A Flying Visit

We have crossed the half way point in the year and now we officially counting down to the 2019 Queen’s Cup. Less than 6 month to go and preparations are going well. We are about to watch the hibernation of the race course as it begins its winter sleep and we are hard at work in the office making sure that all is as it should be at this time of year.

With all that in mind, it is important to say that there are still race meets that are yet to run this year and just 2 weeks ago was the biggest meeting of the year in Far Hills, NJ.

The American Grand National happens in mid October every year and offers a staggering $450,000.00 purse fund for its main event. Horses literally come in from all over the world for the day, but have you ever asked yourself, how do horses travel from country to country or state to state?

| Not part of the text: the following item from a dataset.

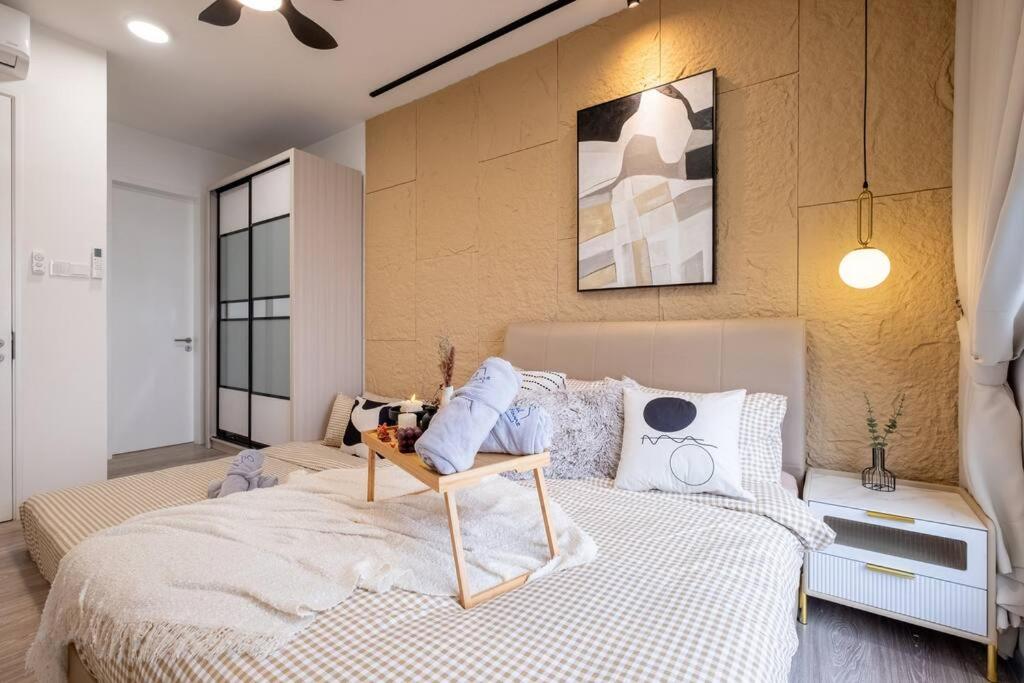 Chic Getaway Sweet Families3BR2Bath8pax, Aeon, MITEC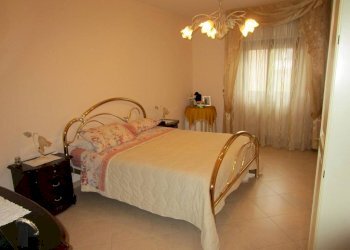 Camera da letto - Quadrilocale Statte - foto 11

Well, the state to state part is easy. There are many shipping companies around that specialize in moving horses all over the USA. Some, now, even have air cushioned floors on their trailers to make sure that the horses have the most comfortable rides possible. Crossing the Atlantic is a slightly different matter. Horses will leave their homes in Europe and go to a regular airport. They will be then transported on to a cargo flight especially designed for horses. The will then pop into a stall or stable and relax for the next 8 hours or so. Honestly, they are treated far better than people on a first class flight. They have cushions and protective gear all over their body to insure nothing gets sore.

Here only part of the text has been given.